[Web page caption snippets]
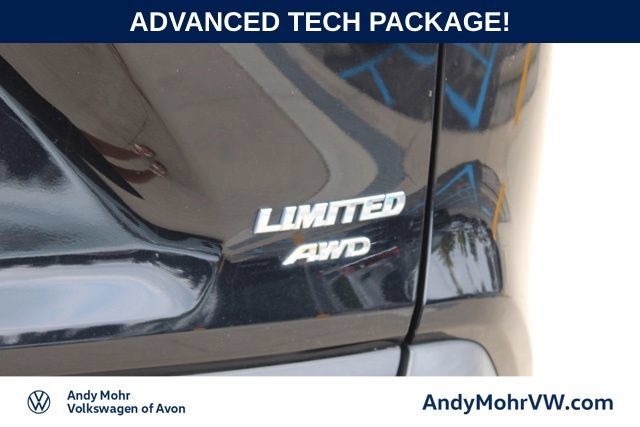 Used 2019 Toyota RAV4 Limited w/ Advanced Technology Package AWD/4WD image 8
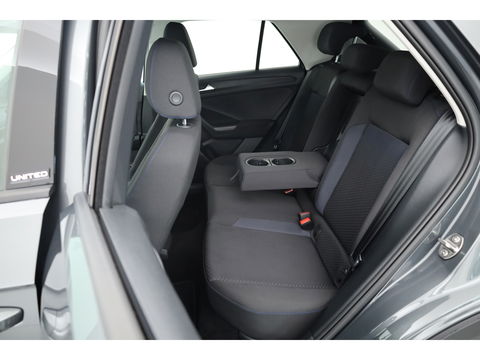 Volkswagen T-Roc 1.5 TSI Style | Navi | Adapt. Cruise | Apple CarPlay | Stoelverw. | PDC | All seasons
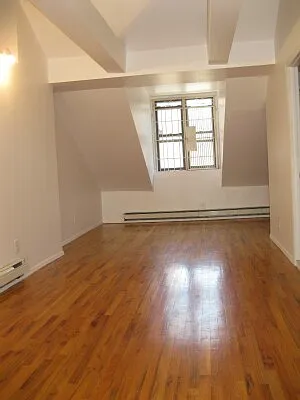 Rented by Tower Brokerage | media 56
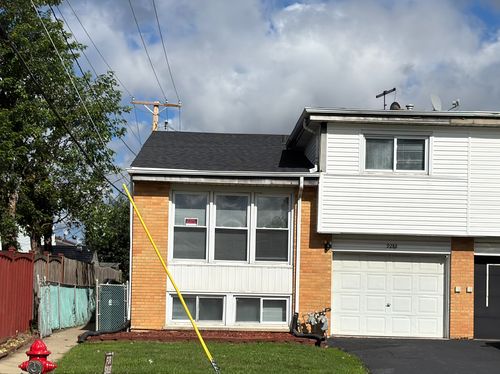 9283 Dee Rd, Des Plaines, IL, 60016-4227 | Card Image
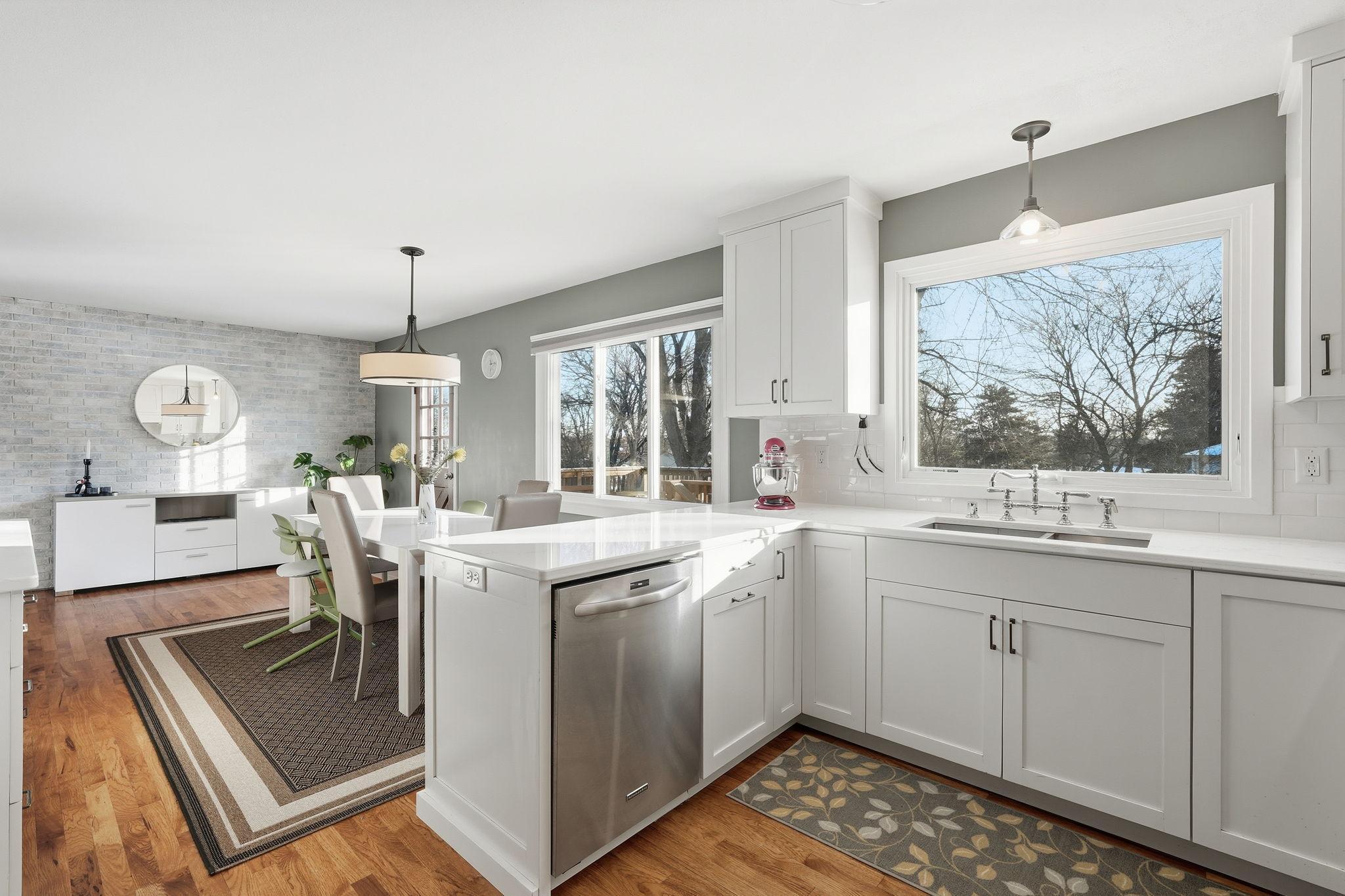 26-web-or-mls-8671 Red Oak Dr-26.jpg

### ACTIVITY
Could each line of the data be written out exactly, with no pictures included?

### TASK RESULT
 Used 2019 Toyota RAV4 Limited w/ Advanced Technology Package AWD/4WD image 8
 Volkswagen T-Roc 1.5 TSI Style | Navi | Adapt. Cruise | Apple CarPlay | Stoelverw. | PDC | All seasons
 Rented by Tower Brokerage | media 56
 9283 Dee Rd, Des Plaines, IL, 60016-4227 | Card Image
 26-web-or-mls-8671 Red Oak Dr-26.jpg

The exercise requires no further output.